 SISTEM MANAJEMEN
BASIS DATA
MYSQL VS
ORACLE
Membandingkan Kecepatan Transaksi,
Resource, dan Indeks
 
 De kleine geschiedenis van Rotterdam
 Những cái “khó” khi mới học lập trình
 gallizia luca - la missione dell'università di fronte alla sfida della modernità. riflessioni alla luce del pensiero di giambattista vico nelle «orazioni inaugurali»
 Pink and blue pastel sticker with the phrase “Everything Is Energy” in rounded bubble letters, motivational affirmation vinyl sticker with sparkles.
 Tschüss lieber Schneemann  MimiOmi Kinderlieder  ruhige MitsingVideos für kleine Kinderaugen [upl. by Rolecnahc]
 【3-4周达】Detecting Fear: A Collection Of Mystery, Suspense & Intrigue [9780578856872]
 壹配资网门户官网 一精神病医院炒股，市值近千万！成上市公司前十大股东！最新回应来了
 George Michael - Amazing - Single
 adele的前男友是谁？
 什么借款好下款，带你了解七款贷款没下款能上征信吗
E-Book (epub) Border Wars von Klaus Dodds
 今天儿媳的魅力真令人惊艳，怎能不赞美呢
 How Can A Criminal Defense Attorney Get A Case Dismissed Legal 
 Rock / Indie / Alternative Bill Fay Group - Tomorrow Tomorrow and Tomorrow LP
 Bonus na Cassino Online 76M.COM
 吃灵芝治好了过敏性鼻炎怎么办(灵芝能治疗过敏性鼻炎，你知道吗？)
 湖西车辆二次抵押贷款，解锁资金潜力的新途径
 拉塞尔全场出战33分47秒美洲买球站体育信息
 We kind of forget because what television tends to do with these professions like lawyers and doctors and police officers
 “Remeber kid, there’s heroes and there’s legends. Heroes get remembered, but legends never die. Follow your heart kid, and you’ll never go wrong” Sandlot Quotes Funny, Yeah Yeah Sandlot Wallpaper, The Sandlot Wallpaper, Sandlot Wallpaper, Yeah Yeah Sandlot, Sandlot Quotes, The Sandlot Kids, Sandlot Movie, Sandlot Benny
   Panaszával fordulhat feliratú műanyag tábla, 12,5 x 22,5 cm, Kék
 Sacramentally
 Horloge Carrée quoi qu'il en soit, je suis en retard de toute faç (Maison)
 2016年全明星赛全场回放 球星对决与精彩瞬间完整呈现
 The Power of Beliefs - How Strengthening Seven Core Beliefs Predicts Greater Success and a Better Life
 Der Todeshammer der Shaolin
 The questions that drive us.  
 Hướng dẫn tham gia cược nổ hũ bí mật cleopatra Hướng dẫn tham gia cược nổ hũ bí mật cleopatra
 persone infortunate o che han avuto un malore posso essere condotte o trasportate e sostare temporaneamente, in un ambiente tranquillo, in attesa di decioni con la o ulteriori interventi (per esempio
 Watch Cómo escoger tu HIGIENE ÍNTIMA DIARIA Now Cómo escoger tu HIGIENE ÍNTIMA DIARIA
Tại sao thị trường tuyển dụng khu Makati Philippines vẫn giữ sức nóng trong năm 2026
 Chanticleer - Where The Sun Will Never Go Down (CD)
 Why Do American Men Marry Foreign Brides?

■ ■ ■ ■ ■

An exact repetition of all the entries is required.

 SISTEM MANAJEMEN
BASIS DATA
MYSQL VS
ORACLE
Membandingkan Kecepatan Transaksi,
Resource, dan Indeks
 
 De kleine geschiedenis van Rotterdam
 Những cái “khó” khi mới học lập trình
 gallizia luca - la missione dell'università di fronte alla sfida della modernità. riflessioni alla luce del pensiero di giambattista vico nelle «orazioni inaugurali»
 Pink and blue pastel sticker with the phrase “Everything Is Energy” in rounded bubble letters, motivational affirmation vinyl sticker with sparkles.
 Tschüss lieber Schneemann  MimiOmi Kinderlieder  ruhige MitsingVideos für kleine Kinderaugen [upl. by Rolecnahc]
 【3-4周达】Detecting Fear: A Collection Of Mystery, Suspense & Intrigue [9780578856872]
 壹配资网门户官网 一精神病医院炒股，市值近千万！成上市公司前十大股东！最新回应来了
 George Michael - Amazing - Single
 adele的前男友是谁？
 什么借款好下款，带你了解七款贷款没下款能上征信吗
E-Book (epub) Border Wars von Klaus Dodds
 今天儿媳的魅力真令人惊艳，怎能不赞美呢
 How Can A Criminal Defense Attorney Get A Case Dismissed Legal 
 Rock / Indie / Alternative Bill Fay Group - Tomorrow Tomorrow and Tomorrow LP
 Bonus na Cassino Online 76M.COM
 吃灵芝治好了过敏性鼻炎怎么办(灵芝能治疗过敏性鼻炎，你知道吗？)
 湖西车辆二次抵押贷款，解锁资金潜力的新途径
 拉塞尔全场出战33分47秒美洲买球站体育信息
 We kind of forget because what television tends to do with these professions like lawyers and doctors and police officers
 “Remeber kid, there’s heroes and there’s legends. Heroes get remembered, but legends never die. Follow your heart kid, and you’ll never go wrong” Sandlot Quotes Funny, Yeah Yeah Sandlot Wallpaper, The Sandlot Wallpaper, Sandlot Wallpaper, Yeah Yeah Sandlot, Sandlot Quotes, The Sandlot Kids, Sandlot Movie, Sandlot Benny
   Panaszával fordulhat feliratú műanyag tábla, 12,5 x 22,5 cm, Kék
 Sacramentally
 Horloge Carrée quoi qu'il en soit, je suis en retard de toute faç (Maison)
 2016年全明星赛全场回放 球星对决与精彩瞬间完整呈现
 The Power of Beliefs - How Strengthening Seven Core Beliefs Predicts Greater Success and a Better Life
 Der Todeshammer der Shaolin
 The questions that drive us.  
 Hướng dẫn tham gia cược nổ hũ bí mật cleopatra Hướng dẫn tham gia cược nổ hũ bí mật cleopatra
 persone infortunate o che han avuto un malore posso essere condotte o trasportate e sostare temporaneamente, in un ambiente tranquillo, in attesa di decioni con la o ulteriori interventi (per esempio
 Watch Cómo escoger tu HIGIENE ÍNTIMA DIARIA Now Cómo escoger tu HIGIENE ÍNTIMA DIARIA
Tại sao thị trường tuyển dụng khu Makati Philippines vẫn giữ sức nóng trong năm 2026
 Chanticleer - Where The Sun Will Never Go Down (CD)
 Why Do American Men Marry Foreign Brides?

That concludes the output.